Recent

Author Topic: HTML to text  (Read 2788 times)

pcurtis

  • Hero Member
  • *****
  • Posts: 951
HTML to text
« on: May 20, 2022, 08:19:03 am »
Does anyone know how or have some snippet on how to remove all HTML tags from a file, but leave the text?

Thanks.
Windows 10 20H2
Laz 2.2.0
FPC 3.2.2

speter

  • Sr. Member
  • ****
  • Posts: 338
Re: HTML to text
« Reply #1 on: May 20, 2022, 08:50:00 am »
Included below is a quick and dirty version of what you want...

Code: Pascal  [Select][+][-]
  1. procedure clean(fn : string);
  2. const
  3.   magic = '!#%&';
  4. var
  5.   f : textfile;
  6.   s,t : string;
  7.   a,b : integer;
  8. begin
  9.   assignfile(f,fn);
  10.   reset(f);
  11.   s := '';
  12.   repeat
  13.     readln(f,t);
  14.     s += t+' '+magic;
  15.   until eof(f);
  16.   closefile(f);
  17.  
  18.   repeat
  19.     a := pos('<',s);
  20.     b := pos('>',s,a);
  21.     if (a > 0) and (b > 0) then
  22.       delete(s,a,b-a+1);
  23.   until (a=0);
  24.  
  25.   repeat
  26.     a := pos(magic,s);
  27.     if a > 0 then
  28.       begin
  29.         memo1.append(copy(s,1,a-1));
  30.         delete(s,1,a+3);
  31.       end;
  32.   until (a=0);
  33. end;

Note that this code preserves line-endings and things like tab characters in the original html file.
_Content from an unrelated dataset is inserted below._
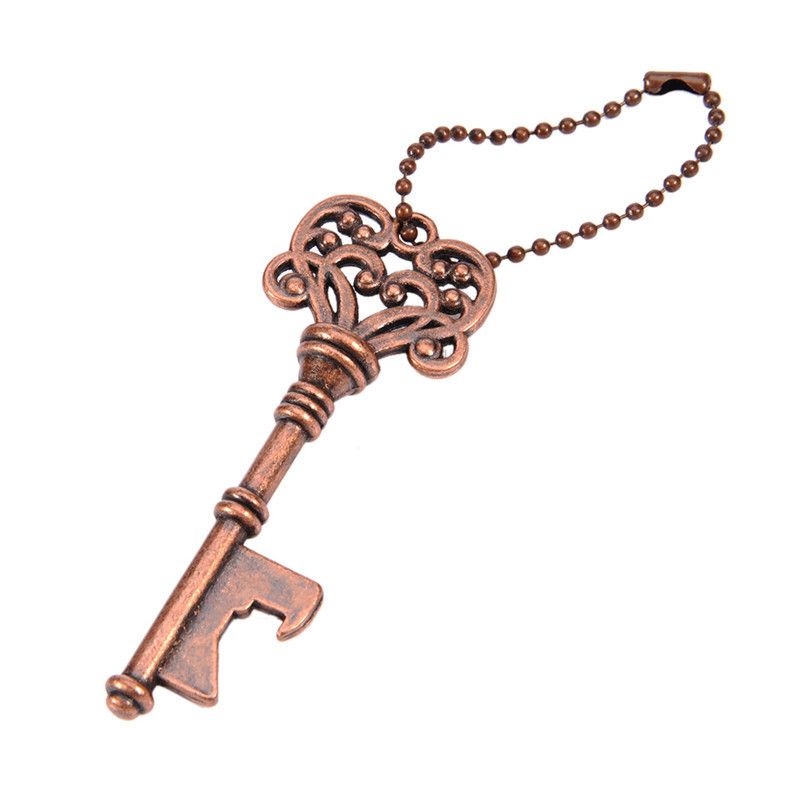 Vintage silver key bottle opener and cap opener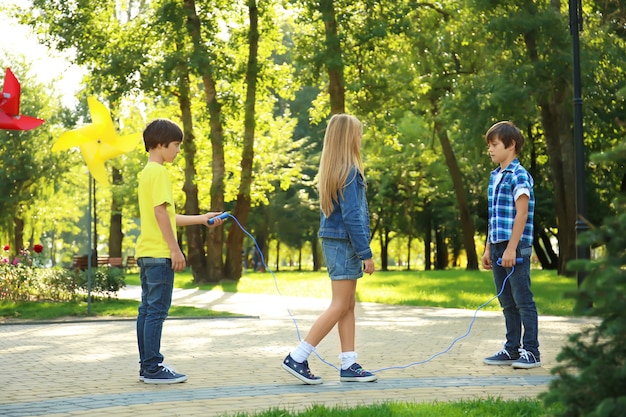 Criancinhas fofas pulando corda no parque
If you don't care about the line-endings you can leave that out by changing line #14 to
Code: Pascal  [Select][+][-]
  1. s += t+' ';
and the last loop to
Code: Pascal  [Select][+][-]
  1. memo1.append(s);
or similar. :)
« Last Edit: May 20, 2022, 08:58:49 am by speter »
I climbed mighty mountains, and saw that they were actually tiny foothills. :)

SymbolicFrank

  • Hero Member
  • *****
  • Posts: 1313
Re: HTML to text
« Reply #2 on: May 20, 2022, 09:11:04 am »
A good "magic" character sequence to use is #0. It's legal and won't be in the string.

wp

  • Hero Member
  • *****
  • Posts: 11830
Re: HTML to text
« Reply #3 on: May 20, 2022, 05:27:13 pm »
There's a ready-made function for this task in unit HTML2TextRender:
Code: Pascal  [Select][+][-]
  1.   function RenderHTML2Text(const AHTML: String): String;

pcurtis

  • Hero Member
  • *****
  • Posts: 951
Re: HTML to text
« Reply #4 on: May 20, 2022, 08:58:08 pm »
Thanks. How to use it?
Windows 10 20H2
Laz 2.2.0
FPC 3.2.2

wp

  • Hero Member
  • *****
  • Posts: 11830
Re: HTML to text
« Reply #5 on: May 20, 2022, 09:44:28 pm »
I must apologize: this function is not yet included in Laz v2.2.2 or earlier. But the unit is self-contained and can be used also in older versions.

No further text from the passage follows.